The truth is that NZ2050 sounds pretty lofty, but is imminently doable. It doesn’t take three and a half decades to go fund major reforestation programs or wind farms, both of which offer readily available carbon offset credits in exchange for financing. There’s also the matter of the fine print: The pledge’s commitment only covers those greenhouse gasses that companies directly emit, allowing tech giants off the hook a bit. Most would just have to account for the electricity within their offices and data centers, ignoring supply chain fallout from, say, mining the materials for servers, not to mention manufacturing and shipping them to server farms. They could also avoid dealing with all that energy use from customers powering up devices and running programs on them.

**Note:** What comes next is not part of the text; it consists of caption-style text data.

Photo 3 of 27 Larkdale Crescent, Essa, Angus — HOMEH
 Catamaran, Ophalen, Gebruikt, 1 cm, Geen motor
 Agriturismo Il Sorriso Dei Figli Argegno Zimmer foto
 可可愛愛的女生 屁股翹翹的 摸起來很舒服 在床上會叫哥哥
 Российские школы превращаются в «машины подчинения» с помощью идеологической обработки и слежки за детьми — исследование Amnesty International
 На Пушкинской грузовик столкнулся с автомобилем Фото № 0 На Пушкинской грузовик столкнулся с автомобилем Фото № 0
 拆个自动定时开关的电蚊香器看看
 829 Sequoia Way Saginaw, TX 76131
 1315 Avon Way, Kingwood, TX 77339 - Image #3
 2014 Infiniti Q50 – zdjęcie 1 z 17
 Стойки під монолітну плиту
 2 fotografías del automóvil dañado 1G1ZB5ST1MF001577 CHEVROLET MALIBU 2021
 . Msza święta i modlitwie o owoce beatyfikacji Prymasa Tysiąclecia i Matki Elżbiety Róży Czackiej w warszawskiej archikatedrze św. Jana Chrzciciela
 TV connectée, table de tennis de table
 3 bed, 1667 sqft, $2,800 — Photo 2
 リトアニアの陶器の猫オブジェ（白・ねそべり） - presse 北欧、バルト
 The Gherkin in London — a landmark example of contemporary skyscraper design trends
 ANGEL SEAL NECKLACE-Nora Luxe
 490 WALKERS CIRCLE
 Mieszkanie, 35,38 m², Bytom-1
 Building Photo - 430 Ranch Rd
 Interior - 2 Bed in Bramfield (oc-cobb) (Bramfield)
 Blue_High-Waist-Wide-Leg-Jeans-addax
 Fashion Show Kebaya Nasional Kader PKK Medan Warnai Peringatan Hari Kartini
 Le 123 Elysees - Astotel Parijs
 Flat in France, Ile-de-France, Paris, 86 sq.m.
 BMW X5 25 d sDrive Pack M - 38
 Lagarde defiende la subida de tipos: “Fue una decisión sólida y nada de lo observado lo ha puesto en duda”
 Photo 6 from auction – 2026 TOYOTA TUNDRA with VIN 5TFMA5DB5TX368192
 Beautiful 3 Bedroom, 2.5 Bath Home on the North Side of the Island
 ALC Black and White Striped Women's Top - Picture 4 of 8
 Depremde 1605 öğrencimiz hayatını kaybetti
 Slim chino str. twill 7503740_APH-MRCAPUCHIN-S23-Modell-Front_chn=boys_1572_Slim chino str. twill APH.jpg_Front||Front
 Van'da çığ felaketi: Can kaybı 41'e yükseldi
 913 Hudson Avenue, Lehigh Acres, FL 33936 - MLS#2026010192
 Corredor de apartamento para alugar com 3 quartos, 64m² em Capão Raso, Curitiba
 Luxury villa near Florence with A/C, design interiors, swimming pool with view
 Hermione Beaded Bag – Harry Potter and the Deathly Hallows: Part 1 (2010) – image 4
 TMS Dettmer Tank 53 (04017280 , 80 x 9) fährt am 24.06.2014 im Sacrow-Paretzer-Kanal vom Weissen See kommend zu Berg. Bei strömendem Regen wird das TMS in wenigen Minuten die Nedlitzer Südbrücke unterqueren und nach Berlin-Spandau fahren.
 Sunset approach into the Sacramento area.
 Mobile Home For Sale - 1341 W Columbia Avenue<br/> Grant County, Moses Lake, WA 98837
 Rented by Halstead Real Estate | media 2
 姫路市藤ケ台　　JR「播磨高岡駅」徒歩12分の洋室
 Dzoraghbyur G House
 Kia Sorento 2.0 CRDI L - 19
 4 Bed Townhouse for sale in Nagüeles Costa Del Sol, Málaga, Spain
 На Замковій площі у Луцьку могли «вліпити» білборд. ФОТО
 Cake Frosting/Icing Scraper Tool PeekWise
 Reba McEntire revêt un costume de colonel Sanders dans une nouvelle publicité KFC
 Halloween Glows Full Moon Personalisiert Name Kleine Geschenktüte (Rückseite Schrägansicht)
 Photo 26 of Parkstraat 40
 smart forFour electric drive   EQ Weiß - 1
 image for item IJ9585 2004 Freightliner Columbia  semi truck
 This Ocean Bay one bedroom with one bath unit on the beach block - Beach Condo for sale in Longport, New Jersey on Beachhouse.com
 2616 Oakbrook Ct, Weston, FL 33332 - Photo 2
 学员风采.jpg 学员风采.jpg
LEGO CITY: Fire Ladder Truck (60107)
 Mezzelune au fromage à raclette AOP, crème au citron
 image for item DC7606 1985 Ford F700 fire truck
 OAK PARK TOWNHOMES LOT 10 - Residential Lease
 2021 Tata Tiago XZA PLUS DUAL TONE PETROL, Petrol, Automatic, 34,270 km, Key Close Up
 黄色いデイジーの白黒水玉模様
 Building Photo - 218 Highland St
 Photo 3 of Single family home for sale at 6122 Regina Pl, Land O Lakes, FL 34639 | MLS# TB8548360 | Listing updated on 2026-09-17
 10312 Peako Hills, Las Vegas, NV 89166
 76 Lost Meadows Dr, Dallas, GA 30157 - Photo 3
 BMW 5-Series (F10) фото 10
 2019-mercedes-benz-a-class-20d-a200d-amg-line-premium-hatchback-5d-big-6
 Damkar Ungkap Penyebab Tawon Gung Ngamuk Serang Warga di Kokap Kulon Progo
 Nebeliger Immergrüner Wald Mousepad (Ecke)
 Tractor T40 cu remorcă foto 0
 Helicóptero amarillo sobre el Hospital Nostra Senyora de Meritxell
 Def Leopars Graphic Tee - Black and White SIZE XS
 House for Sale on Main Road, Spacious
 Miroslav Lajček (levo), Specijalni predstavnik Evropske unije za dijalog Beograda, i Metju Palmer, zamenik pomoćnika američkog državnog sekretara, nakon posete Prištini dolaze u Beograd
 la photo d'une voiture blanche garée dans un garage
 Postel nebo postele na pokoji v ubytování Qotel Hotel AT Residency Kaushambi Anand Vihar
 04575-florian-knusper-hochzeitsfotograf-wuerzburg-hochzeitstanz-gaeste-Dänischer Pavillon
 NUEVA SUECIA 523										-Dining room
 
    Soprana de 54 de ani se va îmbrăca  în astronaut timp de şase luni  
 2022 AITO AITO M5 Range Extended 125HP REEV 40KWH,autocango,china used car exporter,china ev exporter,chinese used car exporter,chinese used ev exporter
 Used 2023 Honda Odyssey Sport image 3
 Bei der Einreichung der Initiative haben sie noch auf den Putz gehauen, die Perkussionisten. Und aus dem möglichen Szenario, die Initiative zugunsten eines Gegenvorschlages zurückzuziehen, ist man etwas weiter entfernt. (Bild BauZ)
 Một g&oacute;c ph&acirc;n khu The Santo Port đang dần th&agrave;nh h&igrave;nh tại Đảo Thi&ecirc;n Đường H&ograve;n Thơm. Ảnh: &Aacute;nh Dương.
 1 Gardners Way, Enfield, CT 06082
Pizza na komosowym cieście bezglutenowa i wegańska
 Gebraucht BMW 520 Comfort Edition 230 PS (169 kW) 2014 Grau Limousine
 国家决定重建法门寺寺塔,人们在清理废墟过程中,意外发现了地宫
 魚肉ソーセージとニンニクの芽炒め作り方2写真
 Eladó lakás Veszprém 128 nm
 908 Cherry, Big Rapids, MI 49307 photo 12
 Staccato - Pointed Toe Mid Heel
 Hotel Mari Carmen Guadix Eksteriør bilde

Salesforce, for instance, took a look at the final guidelines and decided to not just meet them, but exceed them, investing in a way that creates a carbon-neutral cloud and in environmental projects that have a social and economic impact in the developing world, one of the places expected to be hardest hit by climate change. The company hit that mark this month, 33 years ahead of the deadline, although they won’t disclose how much it cost.

“Everything we do is really in the context of living our values right every day and integrating the work that we do around philanthropy so that it makes sense in the community and it makes sense in our business,” says Suzanne DiBianca, who became the company’s chief philanthropy officer and executive vice president of corporate relations in 2016 to ensure such holistic thinking. Salesforce decided to try to meet their benchmark immediately because they view carbon emissions as an environmental justice issue. Investing now as opposed to later means having a larger impact that associated inequalities of their fixes address.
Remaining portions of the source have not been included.